No primeiro capítulo, digo o que quero dizer com “si mesmo”, por que precisamos pensar em termos de “si” e por que há tal coisa. Nossa necessidade não é prova de aí haver tal coisa, mas cria um ônus de refutação. Entrementes, o que estou postulando não é uma alma indetectável ou ego imaterial, mas um indivíduo corporificado cuja existência se vê plenamente. Esse indivíduo é algo que tem ou possui estados psicológicos, assim como tem ou possui um corpo e estados corporais. Também não é para ser pensado como uma essência. A ideia de si se aplica a humanos individuais e animais superiores. Cada um deles precisa se relacionar com o mundo em termos de eu e de novamente eu. Não poderíamos sobreviver sem nos ver nesses termos. Mas o indivíduo também pode ser referido a em outras pessoas como “tu”, “ele” ou “ela”. Estudar o si nesse sentido não é estudar o que é ser um humano em geral, embora se não houvesse humanos e animais superiores, não haveria si mesmos. É olhar para o indivíduo e a perspectiva que cada indivíduo deve tomar sobre ele mesmo.

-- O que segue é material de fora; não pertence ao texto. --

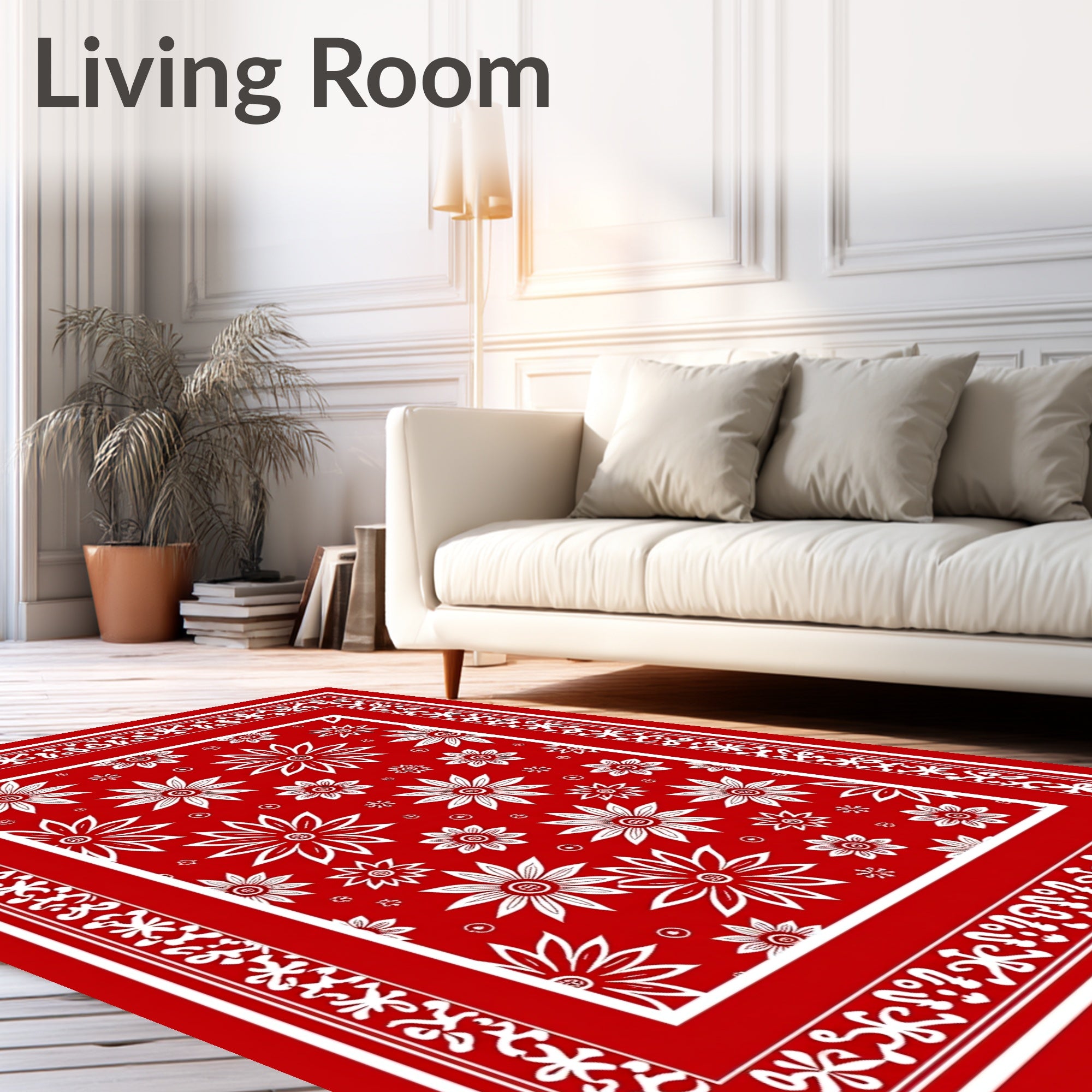 Red White Floral Medallion Border Rug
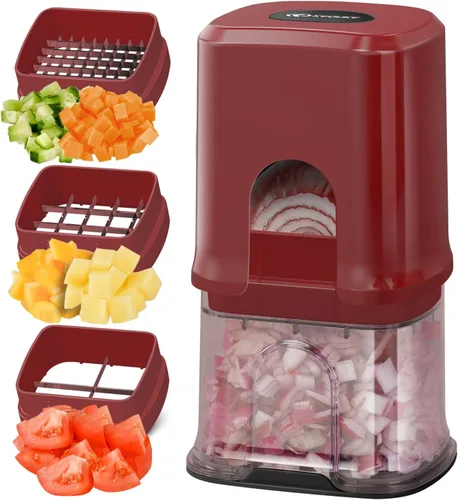 Miniatura 7 de KEOUKE Tazón Cortador de Verduras Multifuncional Blanco - 3 Cuchillas Intercambiables Cortador de Papas a la Francesa con Contenedor y Caja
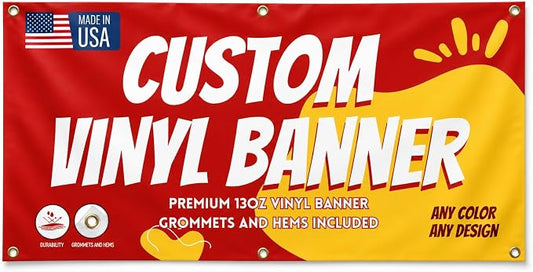 Personalized Custom Vinyl Banner Printing Indoor or Outdoor use Printed by FactoryofStickers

Tem havido muita oposição à ideia de si, mas muitas vezes a oposição acaba sendo uma ideia filosófica particular de si como algo desencorporado e indetectável, como uma alma ou um ego cartesiano. Mas essa é apenas uma concepção do si. Muitos negaram que exista algo como o si, em parte por causa de seu desagrado por uma concepção particular. Mas não me concentro nas denegações, mas em dar uma explicação positiva. Considero apenas uma denegação em detalhes, a ideia de que existe apenas um fluxo corporificado de consciência e de que não há nada que tenha a consciência, nenhum possuidor dela, exceto como uma mera maneira de falar. Descrevo no capítulo um por que não consegui nem sobreviver à infância ou desenvolver na direção de poder aprender a linguagem, se já não visse o mundo em termos de sua relação comigo como possuidor de propriedades, incluindo eventualmente propriedades psicológicas. Mas adio para os capítulos quinze e dezesseis a consideração da visão rival de que tudo o que é necessário é a ideia de um fluxo corporificado de consciência, com “posse” como mero modo de falar. E discuto nos capítulos sete, quinze e dezesseis tentativas de substituir a ideia de localização pela de posse.
Dado o que quero dizer com “si”, há uma filosofia antiga do si? Argumento no capítulo dois que há, porque, ao contrário do que às vezes está implícito, havia uma intensa preocupação entre os filósofos antigos com a ideia de eu e de novamente eu. Isso não quer dizer que todos os filósofos antigos tenham a mesma resposta que a minha, ou entre eles, sobre o que esse si consiste. Alguns deles realmente pensaram em termos de um indivíduo corporificado, mas outros privilegiaram algum aspecto do indivíduo corporificado, como particularmente merecedor de ser chamado de si mesmo. Os platonistas estavam mais longe visão que recomendei. Eles tendiam a postular a razão ou o intelecto como algo que poderia existir sem corpo, e que provia a essência de uma pessoa, e alguns deles falavam como se, em vez de haver um sujeito, ou seja, a pessoa individual com vários aspectos, houvesse distintos sujeitos dentro de uma pessoa, diferentes níveis de alma, razão e intelecto, qualquer um dos quais podia constituir o si mesmo dessa pessoa. A tradição platônica, por sua vez, pode ter encorajado algumas das concepções posteriores do si como desencorporado e indetectável, que tornaram a ideia suspeita entre muitos filósofos modernos.
Que as visões dos pensadores antigos eram visões sobre o si é, creio, claro tanto pelo seu intenso interesse pela primeira pessoa “eu” quanto pela luta para expressar a ideia de si, como fazemos, através do uso de pronomes e através do uso de palavras como o grego “autos” (mesmo), que em alguns contextos só fazem sentido se traduzidos como “si mesmo”. Tento despertar o interesse repetido na primeira pessoa, eu, dando mais de uma dúzia de exemplos de teorias antigas. Eu então uso esses exemplos para me opor à ideia de que o interesse nesse tipo de primeira pessoa da individualidade (selfhood) está ausente da filosofia grega antiga.
Mesmo assim, questões diferentes sobre o si mesmo tiveram datas de início diferentes no pensamento antigo, e distingo como algumas perguntas sobre o si foram levantadas mais cedo e outras depois.